**PROBLEM REQUIREMENTS**. From the listing below, restate word for word the lines from the line containing "Ohrstecker Set Nikolaus" down through the line containing "STREETZ BT Boombox". Exclude pictures.
#### GIVEN DATA ####
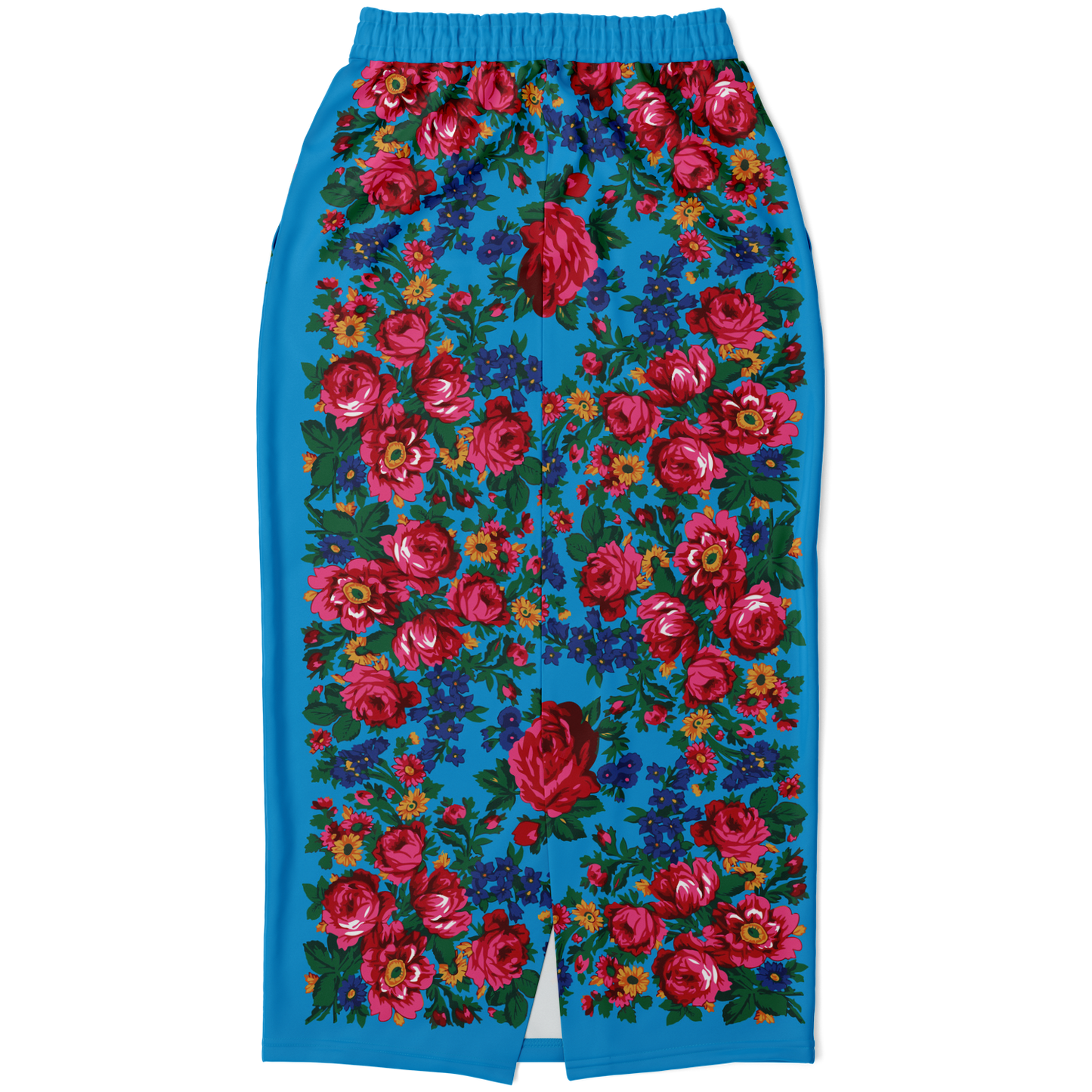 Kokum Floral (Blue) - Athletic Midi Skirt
####
#### GIVEN DATA ####
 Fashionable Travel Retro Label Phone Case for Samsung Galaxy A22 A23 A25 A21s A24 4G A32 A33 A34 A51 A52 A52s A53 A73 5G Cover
####
#### GIVEN DATA ####
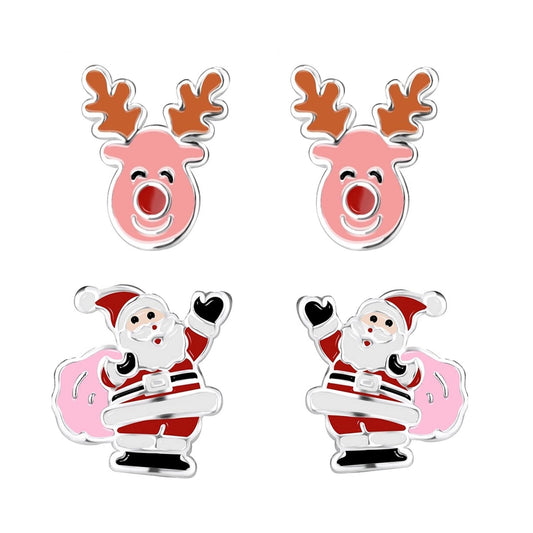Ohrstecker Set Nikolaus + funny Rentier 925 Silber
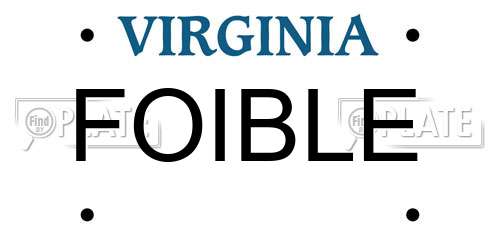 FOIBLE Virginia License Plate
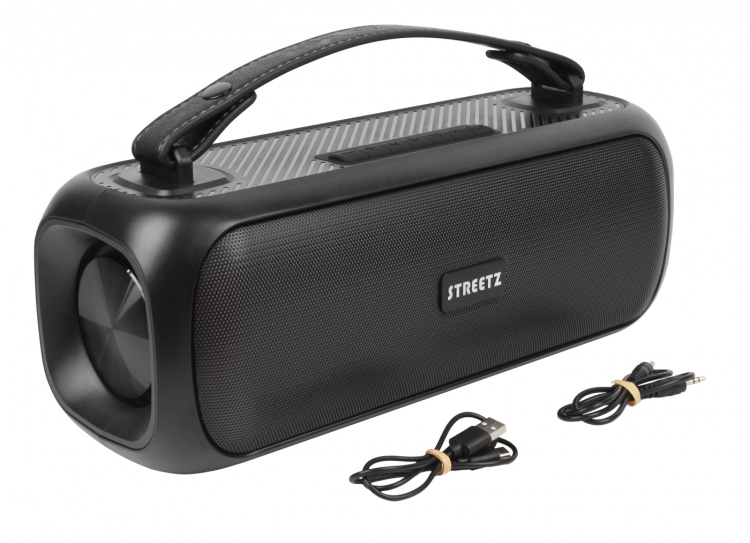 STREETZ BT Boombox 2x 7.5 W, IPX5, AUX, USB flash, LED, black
####
**EXERCISE RESPONSE**.
Ohrstecker Set Nikolaus + funny Rentier 925 Silber
 FOIBLE Virginia License Plate
 STREETZ BT Boombox 2x 7.5 W, IPX5, AUX, USB flash, LED, black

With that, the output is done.